Jen makes a two hour drive in her Maserati to pick up Kathryn and the baby. Then she turns around and drives another two hours to the polo match. But when they arrive, Kathryn refuses to get out of the car. She’s disgusted to see T-Rav‘s friends present, sipping cocktails. How dare he invite these people to his own event? This was supposed to be a family day. When she does finally emerge, Kathryn acts bitchy to everyone. She leaves Nanny Dawn in charge and makes for the porta potty. When she steps out, she sees Elizabeth helping Kensie put on her shoe, and all hell breaks loose.
Kathryn has all sorts of excuses for her anger. She was upset about having alcohol in Kensie’s presence. (Right, because Thomas is sober.) Elizabeth offered to douse the drinks, but Kathryn doesn’t care, she just wants to leave.
I couldn’t figure out why Kathryn was being so irrational. It made zero sense, but JD claims he’s seen this type of behavior before, and I believe him.
Kathryn orders Nanny Dawn to take the baby back to her parents’ home. Another two hour drive. If I were a betting woman, I’d say Kathryn wanted some baby-free time with Jen before going back to the country. Why drive separate cars if they’re all heading home, hmmm?

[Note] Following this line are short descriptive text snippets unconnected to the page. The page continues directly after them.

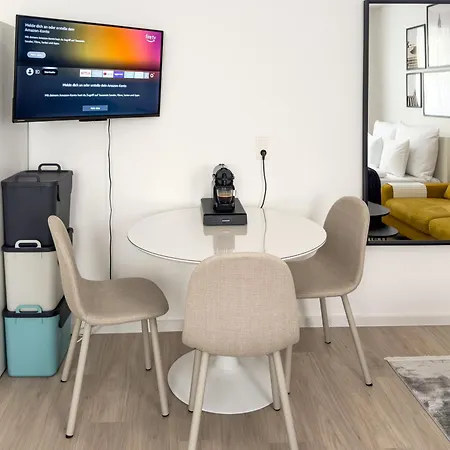Modernes Studio-apartment In - Ideal Fuer Paare Und Alleinreisende! *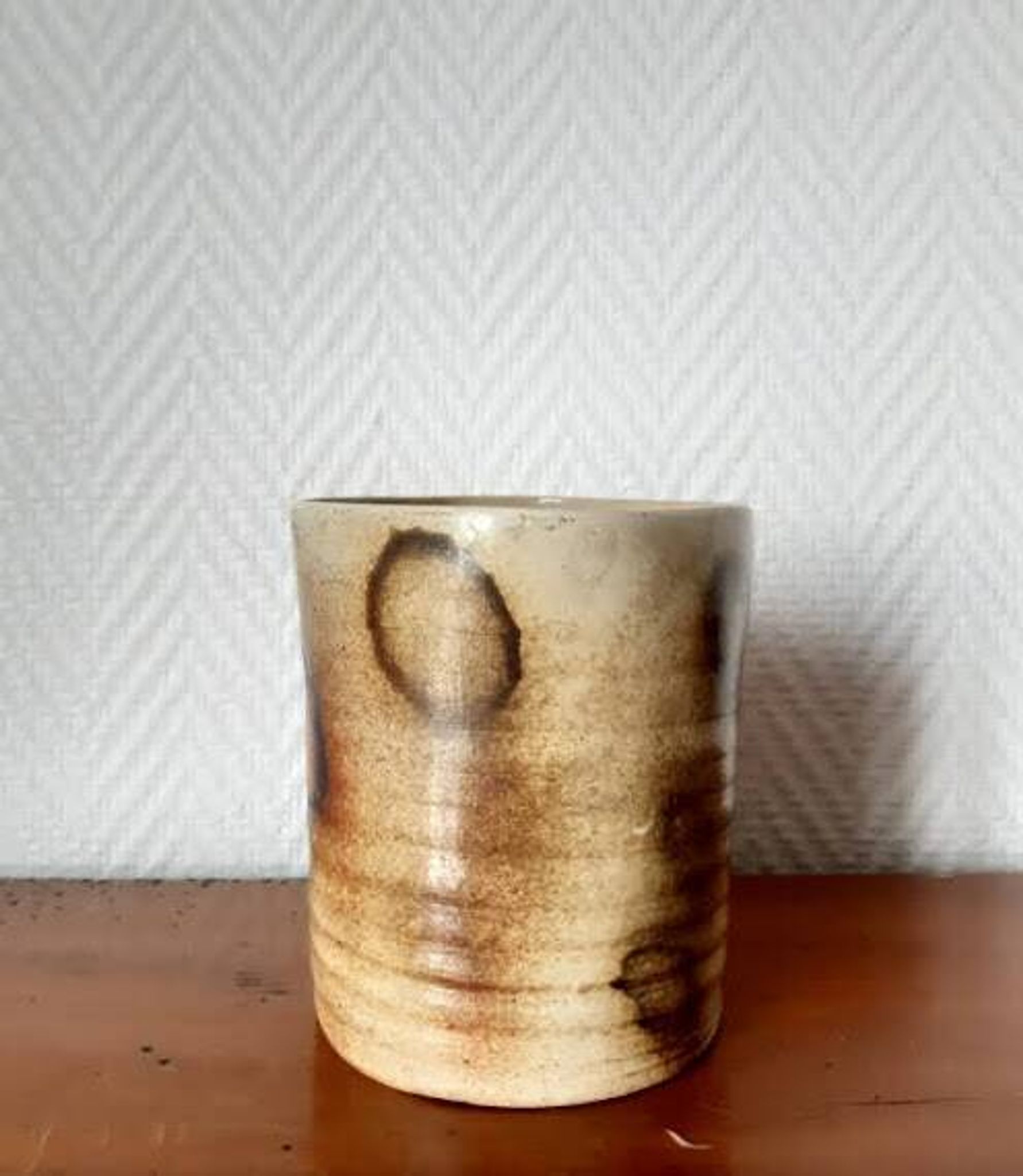 Vase gobelet en céramique vintage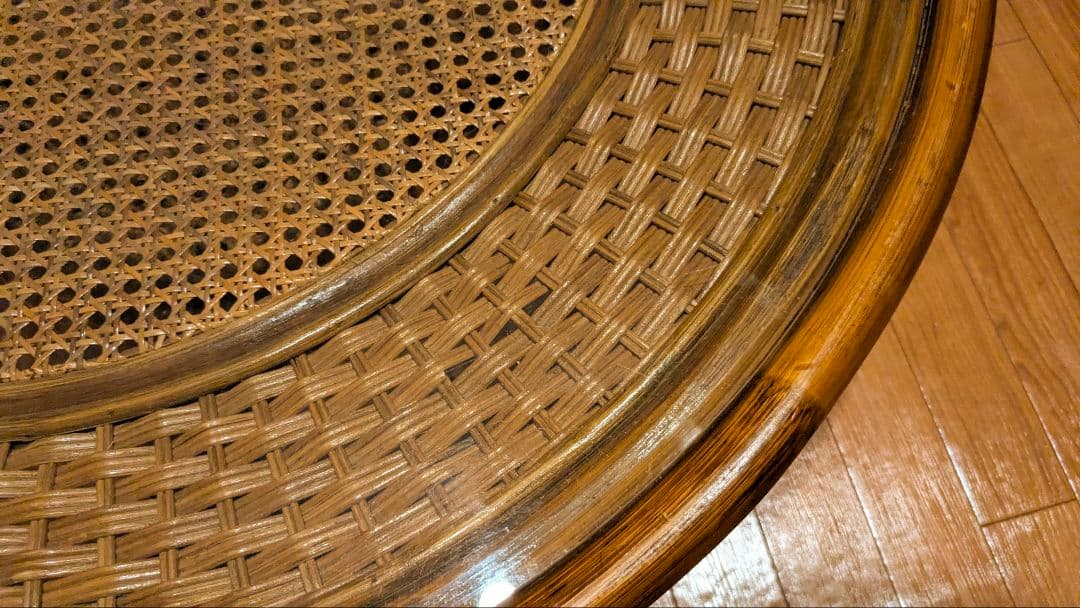 ラタン製ラウンドテーブル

Thomas loses his polo match, and as he looks around, he wonders aloud what happened to Kathryn. After a few minutes, he realizes the baby isn’t there either. “Where’s my baby?” he demands. He whips off his shirt in anger. After all, he only gets six days a month with Kensie. He promises retribution against Kathryn.
And there you have it. So what’s your take? Should Craig go full-on engagement ring? Should T-Rav and Kathryn have their baby-makers tied? And what is Kathryn’s deal—hormones or cray-cray? I’ll let you hash it out in the comments.